- **What is expected**
In the records below, the line with "Greece: Deficit grows" opens the range and the line with "Vorschaubild der Anzeige, (Id: 1954328)" closes it; print that range exactly and nothing else.

- **Records to use**
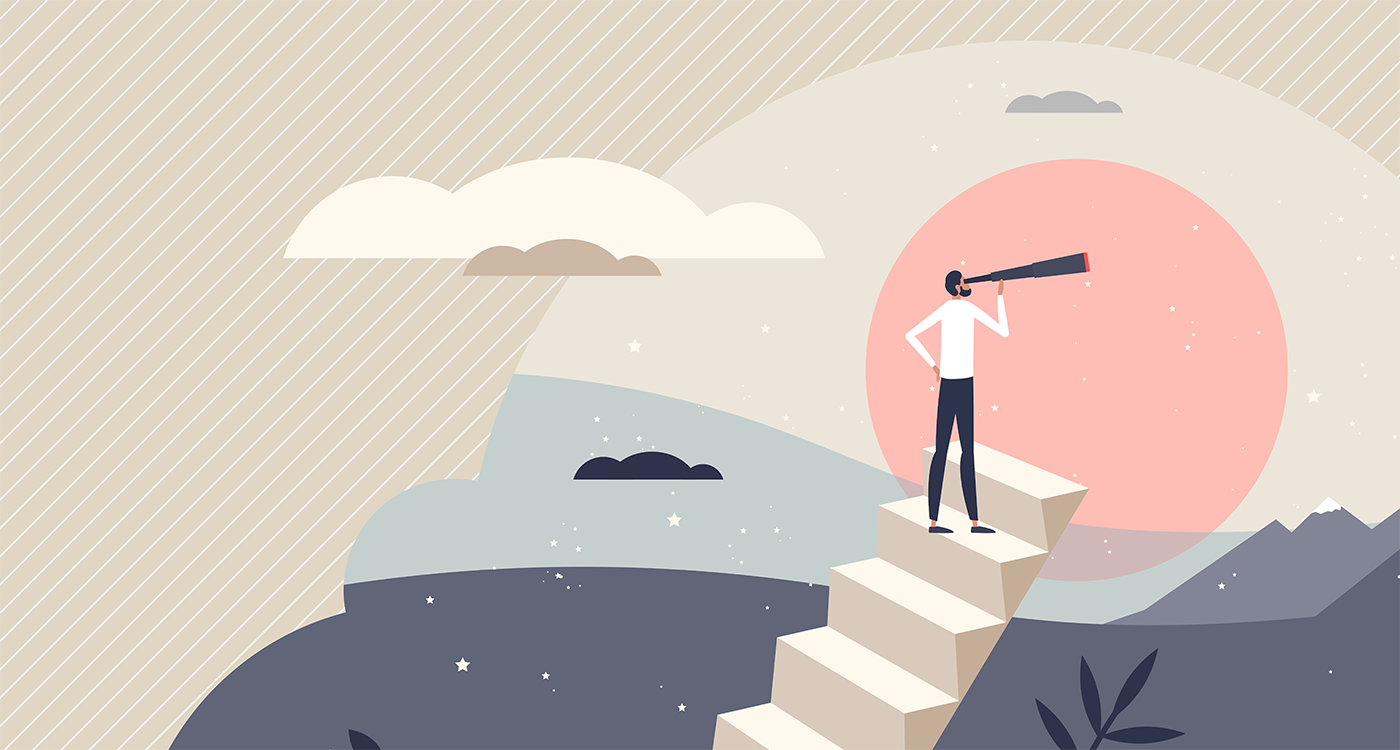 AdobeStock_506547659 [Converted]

...

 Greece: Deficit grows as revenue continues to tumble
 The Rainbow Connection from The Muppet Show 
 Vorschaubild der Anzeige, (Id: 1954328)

- **Expected output**
 Greece: Deficit grows as revenue continues to tumble
 The Rainbow Connection from The Muppet Show 
 Vorschaubild der Anzeige, (Id: 1954328)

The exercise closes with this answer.